TASK DETAILS: Given the material below, output exactly the lines from the line with "Thumbnail 3 de" to the line with "Santos fecha 2025", both ends included, and no other lines.

DATASET RECORDS:
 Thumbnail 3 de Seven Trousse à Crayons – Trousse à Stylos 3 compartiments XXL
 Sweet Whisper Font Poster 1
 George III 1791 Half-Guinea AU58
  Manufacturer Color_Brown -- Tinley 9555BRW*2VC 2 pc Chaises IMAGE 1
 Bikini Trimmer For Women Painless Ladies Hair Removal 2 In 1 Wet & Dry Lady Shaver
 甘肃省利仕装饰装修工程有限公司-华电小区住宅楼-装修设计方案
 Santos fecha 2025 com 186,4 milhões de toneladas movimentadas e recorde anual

* * *

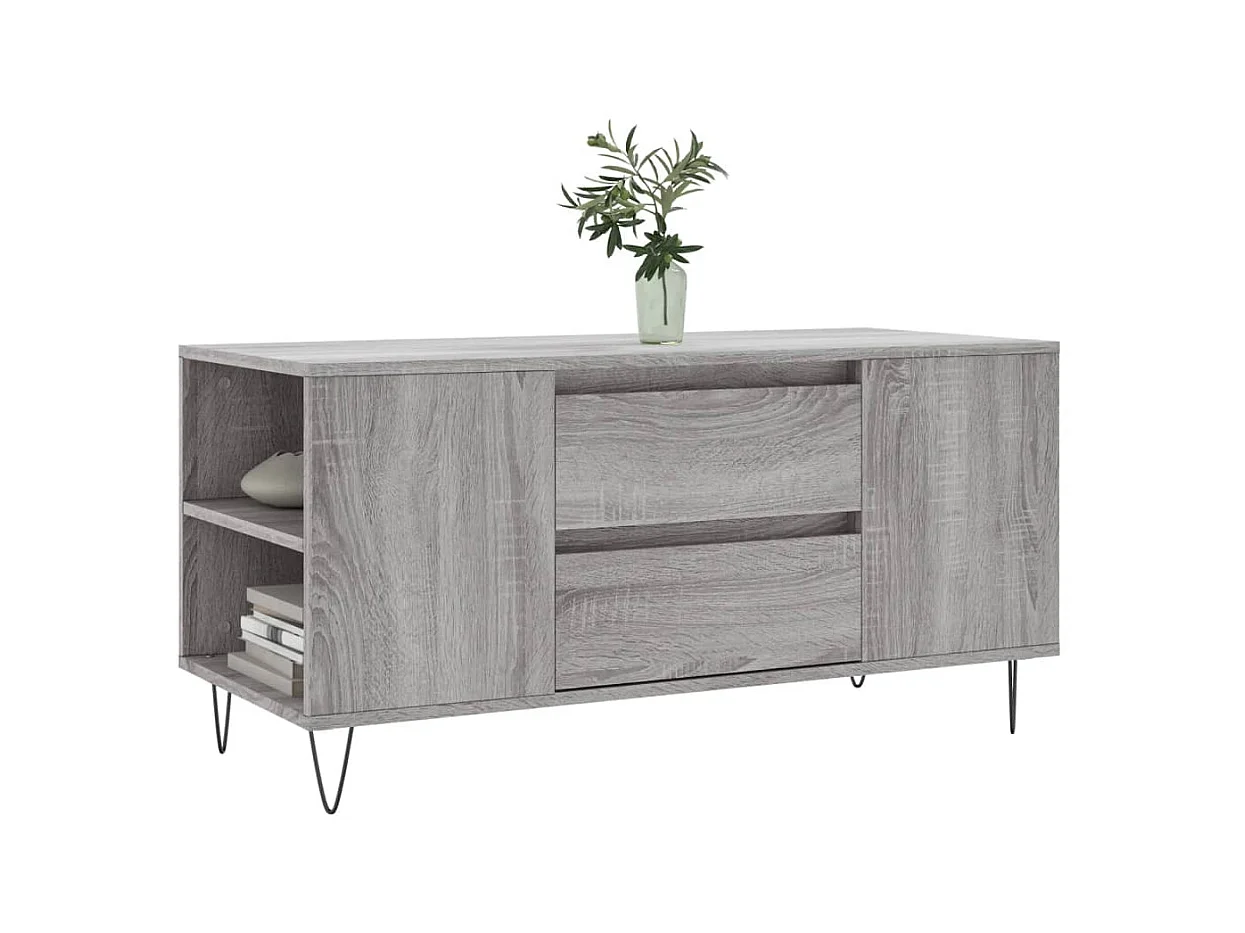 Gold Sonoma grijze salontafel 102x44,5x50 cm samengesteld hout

RESPONSE TO THIS EXERCISE:
 Thumbnail 3 de Seven Trousse à Crayons – Trousse à Stylos 3 compartiments XXL
 Sweet Whisper Font Poster 1
 George III 1791 Half-Guinea AU58
  Manufacturer Color_Brown -- Tinley 9555BRW*2VC 2 pc Chaises IMAGE 1
 Bikini Trimmer For Women Painless Ladies Hair Removal 2 In 1 Wet & Dry Lady Shaver
 甘肃省利仕装饰装修工程有限公司-华电小区住宅楼-装修设计方案
 Santos fecha 2025 com 186,4 milhões de toneladas movimentadas e recorde anual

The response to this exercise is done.